PREMIER PLAN, Il Corriere della Sera, C. Zapperi : « Conte contre Draghi. Un coup de téléphone et le leader du M5S se rend au Quirinal » : « Les pressions présumées de Mario Draghi sur le fondateur du M5S, Beppe Grillo, pour faire en sorte que ce dernier évince l’ancien Premier ministre, G. Conte, révélées au sociologue De Masi et à divers parlementaires par Grillo lui-même, ont été à l’origine d’une des journées les plus agitées de la relation entre Draghi et Conte. Dans la soirée, Conte s’est rendu au Quirinal pour un dialogue de plus d’une heure avec le Président Mattarella. L’ancien Premier ministre, après avoir précisé ne pas vouloir mettre à risque le gouvernement, a exposé ses préoccupations au chef de l’Etat. « Je trouve sincèrement grave qu’un Premier ministre technicien (…) s’entremette dans la vie des forces politiques qui le soutiennent ». La journée a été fatigante parce que les « révélations » sur Conte se sont entremêlées avec la présence, à Rome, de Grillo et ses rencontres frénétiques avec les parlementaires. Il y a deux dilemmes à résoudre : celui du soutien au gouvernement et celui de la limite des deux mandats. Conte a répété qu’aucun changement de stratégie n’est prévu vis-à-vis du gouvernement : une ligne partagée par la ministre Fabiana Dadone et Grillo lui-même, bien que ses révélations sur les pressions présumées de Draghi aient créé une sorte de court-circuit. Quant à la question de la dérogation à la limite du double mandat, Grillo a fini par l’empêcher. C’est le sous-secrétaire aux Infrastructures, Giancarlo Cancelleri, qui, le premier, en a fait les frais. »

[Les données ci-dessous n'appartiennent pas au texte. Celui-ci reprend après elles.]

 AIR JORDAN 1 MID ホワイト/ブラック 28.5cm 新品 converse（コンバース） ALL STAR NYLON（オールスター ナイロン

ARTICLE, La Repubblica, F. Bei « La réaction de la Ligue et du M5S, les grands perdants des élections » : « La réaction des perdants des élections locales est arrivée avant l'heure. Et l'on s'étonne de la symétrie avec laquelle la Ligue et le Mouvement 5 étoiles, qui sont sortis meurtris des élections municipales, ont entamé ensemble - bien qu'avec des motivations différentes - l'opération de désengagement du gouvernement Draghi. Nous avons donc plongé dans une situation de tension interne à la majorité sans précédent depuis seize mois, au point d'avoir obligé le Président du Conseil à avancer précipitamment son retour à Rome, quittant le sommet de l'OTAN un jour plus tôt, après avoir appris que Conte était monté au Quirinal. C’est une journée à oublier, où le vacarme des querelles italiennes est venu couvrir les résultats du sommet de Madrid. C'est comme si, en fin de mandature, les deux populistes qui se sont unis en mariage en 2018, donnant naissance à l'un des pires gouvernements depuis l'après-guerre, se retrouvaient encore ensemble pour faire tomber Draghi. Et peut-être qu'ils y parviendront. Comme dans le conte de Swift, les Lilliputiens ont réussi à ligoter Gulliver pendant son sommeil, et maintenant ils veulent le condamner à mort. Malgré le fait que le géant ait éteint le feu dans le palais royal. »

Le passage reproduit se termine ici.